= DATASET =

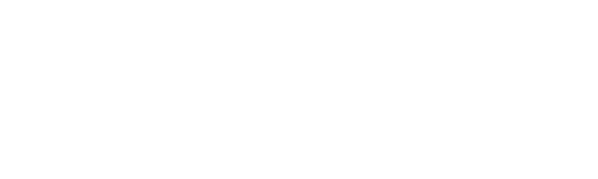 A. Darling Logo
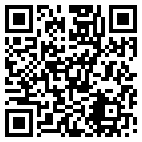 QR Code for Mmm Marketing in Danville, CA 94526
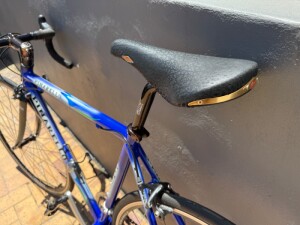 Pinarello Surprise | Vintage Bikes | Bike Hub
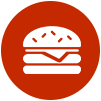 Born in El Paso. Built for Burger Lovers.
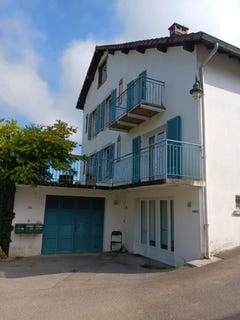 /international/fr/821-route-de-macornay-lons-le-saunier-franche-comte-310102961107/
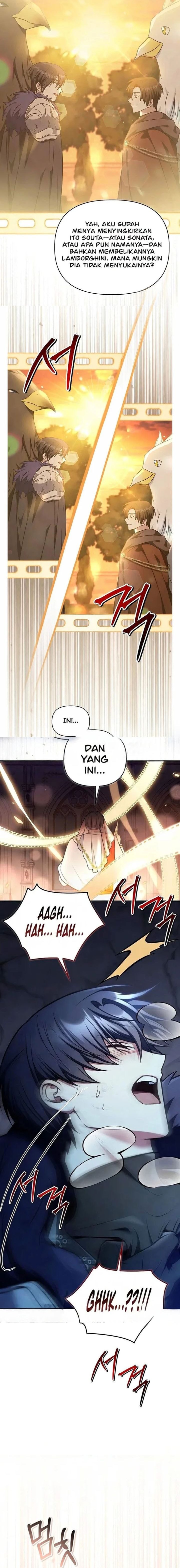 Baca Regressor Instruction Manual Chapter 201 Bahasa Indonesia page 40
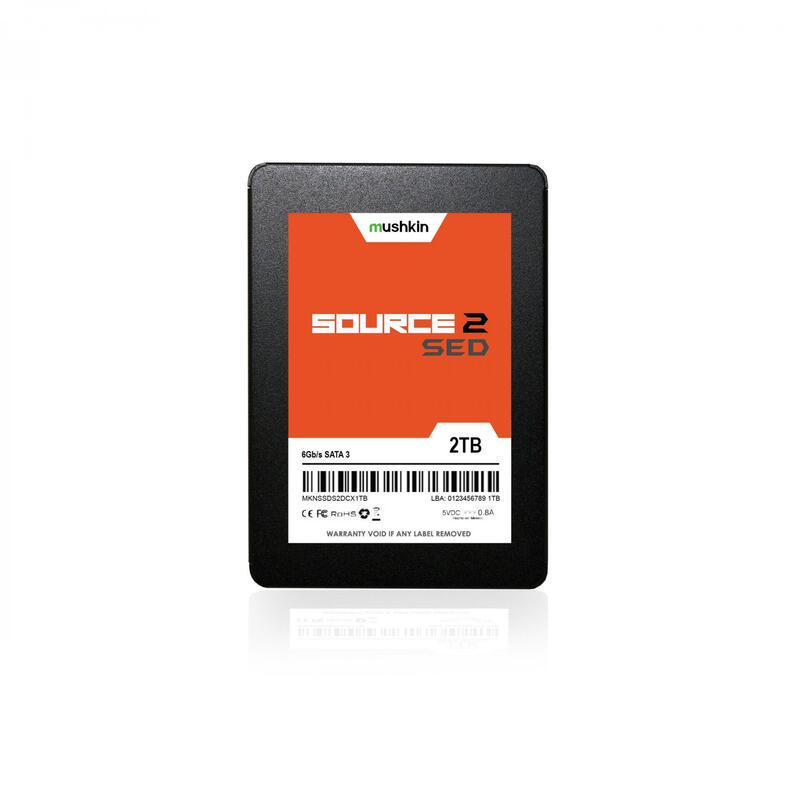 ssd-source-2-sed-25-2tb-sata3-560515-700tbw-silicon-motion-sm22582259-mknssdse2tb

= WORK TO BE COMPLETED =
In the records above, find the line that contains "QR Code for". Retype it and every line after it, exactly, leaving out all pictures.

= SOLUTION TO THE EXERCISE =
 QR Code for Mmm Marketing in Danville, CA 94526
 Pinarello Surprise | Vintage Bikes | Bike Hub
 Born in El Paso. Built for Burger Lovers.
 /international/fr/821-route-de-macornay-lons-le-saunier-franche-comte-310102961107/
 Baca Regressor Instruction Manual Chapter 201 Bahasa Indonesia page 40
 ssd-source-2-sed-25-2tb-sata3-560515-700tbw-silicon-motion-sm22582259-mknssdse2tb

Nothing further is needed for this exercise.